In 1925, Shaw and Owens co-authored the book The Smoke Problem of Great Cities. Almost three decades before the Great London Smog claimed thousands of lives, they warned of air pollution's growing menace: "The concentrated impurity in the air of some of our modern cities is so great that it has become a menace to public health as well as a serious source of financial loss to the community". The book's striking frontispiece was a photograph of a man weighed down with a huge sack on his back titled "The soot fall in a minute within the county of London and a Londoner on the same scale".

In a paper Owens read to the Royal Society of Arts the same year, he was even more emphatic: "The evil of atmospheric pollution has crept on us almost unawares, with the increase in the use of raw coal. The gradual growth of population and collection of people into monstrous cities have gone on until now the number of fires
concentrated in small areas is so great that the air over our cities is like the inside of a huge chimney."

In 1927, Owens became Superintendent of Observations at the Department of Scientific and Industrial Research and occupied that role until his death.

=== Measuring instruments ===

Owens is notable for the advances he made in quantifying and comparing air pollution: he personally invented several new measuring instruments, and the Committee for the Investigation of Atmospheric Pollution, which he steered, developed the standard deposit gauge.

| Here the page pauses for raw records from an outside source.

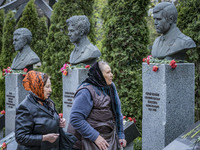 A couple of women after leaving some flowers in the memorial of the dead Chernobyl workers during the celebrations in Kiev of the 37th anniv...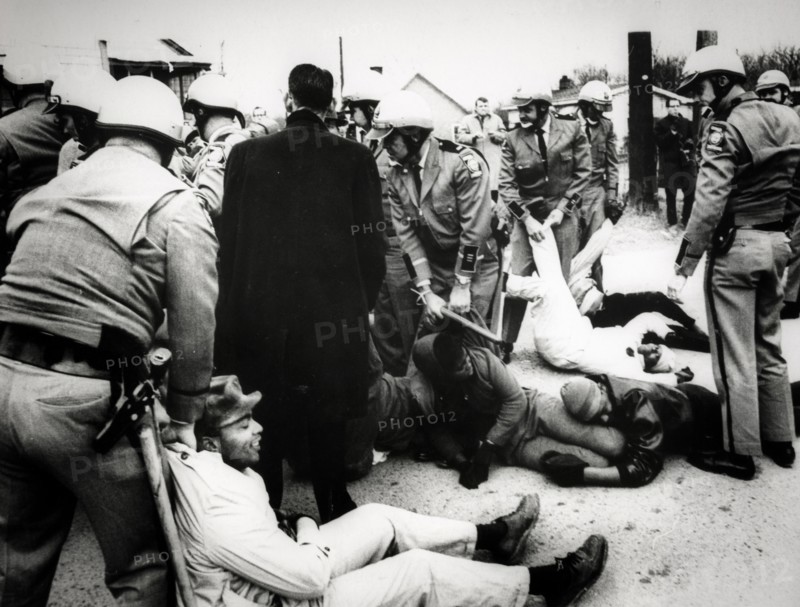 Troopers drag demonstrators to prison buses after about 60 persons laid down in the street to block a school bus from going to the all-negro social circle training school, georgia, 1968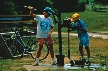 Photograph of two children at a handled pump, pumping water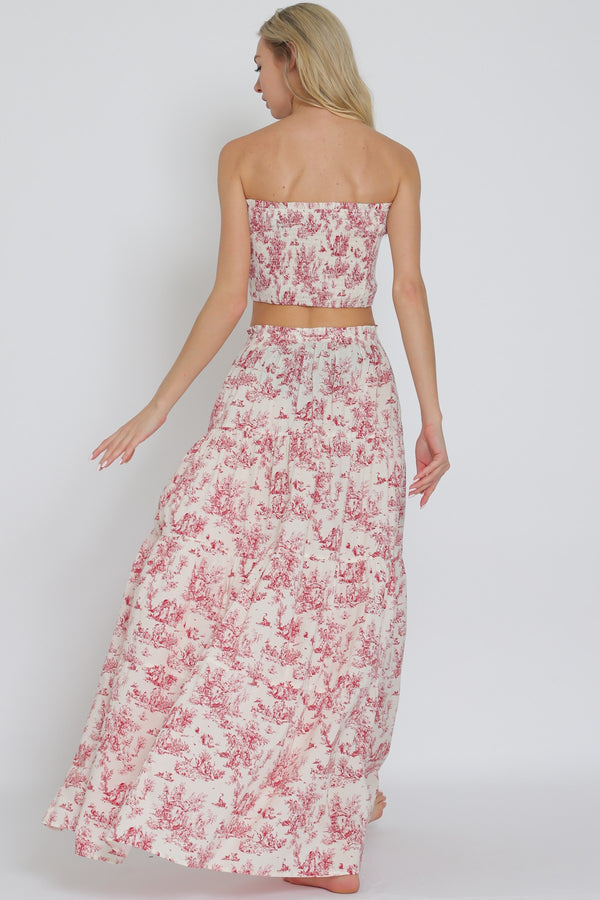 Elegant women's boutique clothing red smocked tube top and tiered maxi skirt set, perfect for summer resort wear.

This funnel-like device captured soot falling from the sky in collection bottles, allowing it to be weighed and compared with deposits taken elsewhere. Deposit gauges were deployed in 27 locations by 1917, rising to 1066 locations in 1966, so creating the first large-scale pollution monitoring network in the UK. According to air pollution historian Stephen Mosley, Owens keenly understood the need for systematic measurements of pollution: "On the importance of monitoring, John S. Owens insisted that sound data gathered on smoke was 'often the first step' toward pollution control, as it exerted a 'profound psychological effect upon a city when it has been shown that the air which its inhabitants have to breathe and live in is abnormally dirty."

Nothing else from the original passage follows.